We do not play games, videos, or videos with high image quality. Basically, I’m going to run several VMs at the same time to search, email, and program in the browser, so I don’t need a very high quality CPU like the Mac Pro. I can’t afford my wallet.
The following are required for this OS: (Https://www.qubes-os.org/doc/system-requirements/)

Minimum
-64-bit Intel or AMD processor (x86_64 aka x64 aka AMD64)
-Intel VT-x with EPT or AMD-V with RVI
-Intel VT-d or AMD-Vi (aka AMD IOMMU)
-4 GB RAM
-32 GiB disk space

Recommended
-Fast SSD (strongly recommended)
-Intel IGP (strongly preferred)
-Nvidia GPUs may require significant troubleshooting.
-AMD GPUs have not been formally tested, but Radeons (RX580 and earlier) generally work well

Also, please tell me about the following questions about CPU.

  1. What are cheap and good quality manufacturers? (I don’t need brand power.) In my opinion, Intel and AMD are equal in quality. Intel has a higher idea.

  2. How long is the life of the CPU? Or how many years should I buy a new one?

  1. I recommend the AMD Ryzen 5 2600 Processor. Plenty of cores available.

  2. I will point to AMD once more, since their Ryzen line of processors are good in quality and price.

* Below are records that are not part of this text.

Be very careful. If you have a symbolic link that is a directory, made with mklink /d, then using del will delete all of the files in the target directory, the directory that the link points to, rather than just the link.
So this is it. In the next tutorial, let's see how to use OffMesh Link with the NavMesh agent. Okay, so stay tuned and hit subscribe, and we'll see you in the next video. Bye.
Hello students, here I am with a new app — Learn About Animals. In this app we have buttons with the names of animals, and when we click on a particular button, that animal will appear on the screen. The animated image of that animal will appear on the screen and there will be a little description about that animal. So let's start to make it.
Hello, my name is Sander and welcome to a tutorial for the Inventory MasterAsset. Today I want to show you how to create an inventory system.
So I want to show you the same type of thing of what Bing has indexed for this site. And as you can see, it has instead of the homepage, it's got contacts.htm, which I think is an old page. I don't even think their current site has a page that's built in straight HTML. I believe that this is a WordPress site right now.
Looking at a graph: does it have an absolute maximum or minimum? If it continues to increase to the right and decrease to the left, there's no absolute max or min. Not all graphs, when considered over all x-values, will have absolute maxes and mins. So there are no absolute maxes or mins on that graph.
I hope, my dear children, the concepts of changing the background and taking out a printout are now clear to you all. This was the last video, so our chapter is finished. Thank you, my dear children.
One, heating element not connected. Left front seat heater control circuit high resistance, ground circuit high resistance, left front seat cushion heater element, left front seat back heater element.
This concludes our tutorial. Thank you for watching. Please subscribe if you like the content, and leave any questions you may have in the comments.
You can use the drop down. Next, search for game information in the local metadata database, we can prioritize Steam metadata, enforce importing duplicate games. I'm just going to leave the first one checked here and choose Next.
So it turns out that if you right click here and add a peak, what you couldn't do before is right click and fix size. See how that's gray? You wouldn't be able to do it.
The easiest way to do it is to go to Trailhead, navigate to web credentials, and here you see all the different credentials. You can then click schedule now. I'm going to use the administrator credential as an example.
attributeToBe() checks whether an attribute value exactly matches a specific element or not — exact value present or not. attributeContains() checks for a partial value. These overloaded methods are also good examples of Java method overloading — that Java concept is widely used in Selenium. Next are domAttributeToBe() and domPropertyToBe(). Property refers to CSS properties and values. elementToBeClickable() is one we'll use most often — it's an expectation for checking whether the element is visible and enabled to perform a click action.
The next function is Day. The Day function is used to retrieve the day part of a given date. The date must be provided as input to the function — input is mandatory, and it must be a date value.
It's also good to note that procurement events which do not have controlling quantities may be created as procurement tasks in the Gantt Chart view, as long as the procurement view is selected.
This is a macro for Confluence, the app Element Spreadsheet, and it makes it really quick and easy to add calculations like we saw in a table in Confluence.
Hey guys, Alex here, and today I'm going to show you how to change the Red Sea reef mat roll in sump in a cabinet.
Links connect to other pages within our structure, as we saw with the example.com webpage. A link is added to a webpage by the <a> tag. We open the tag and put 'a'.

  3. It depends on usage and quality. Typically a CPU should last several years. I don’t usually find it necessary to get a new one after the latest one arrives. Perhaps purchase a new one after 5 or more years.

Honestly if you are running Qubes, you should not be cheaping out on the processors because virtualization is inherently painfully slow and running multiple simultaneous VMs will trully make CPU speed into crawl.

CPU is not really outsourced to other manufacturers the same way motherboards are so the quality is pretty much homogeneous. If you like Intel, they’re fine. But the general consesus these days are Ryzen is generally better price to performances-wise. Also AMD Ryzen has a more fresher architecture that is not riddled with Microarchitecture Data Sampling exploits the same way Intel is.

These days CPUs are pretty much solid and unchanging. The first to break in a system usually is the capacitors within the motherboard, then the RAM. Buy the highest end CPU you can afford if you dont like to upgrade often. I still rock an i5-6600K and it still is suitable for gaming.

EDIT: Try to get the Ryzen 3900x if you can afford it. It is fast and has a lot of cores. Also, proprietary Nvidia drivers in Linux are just as good as the Windows drivers. I have no experience with Radeons but their open-source drivers should be good.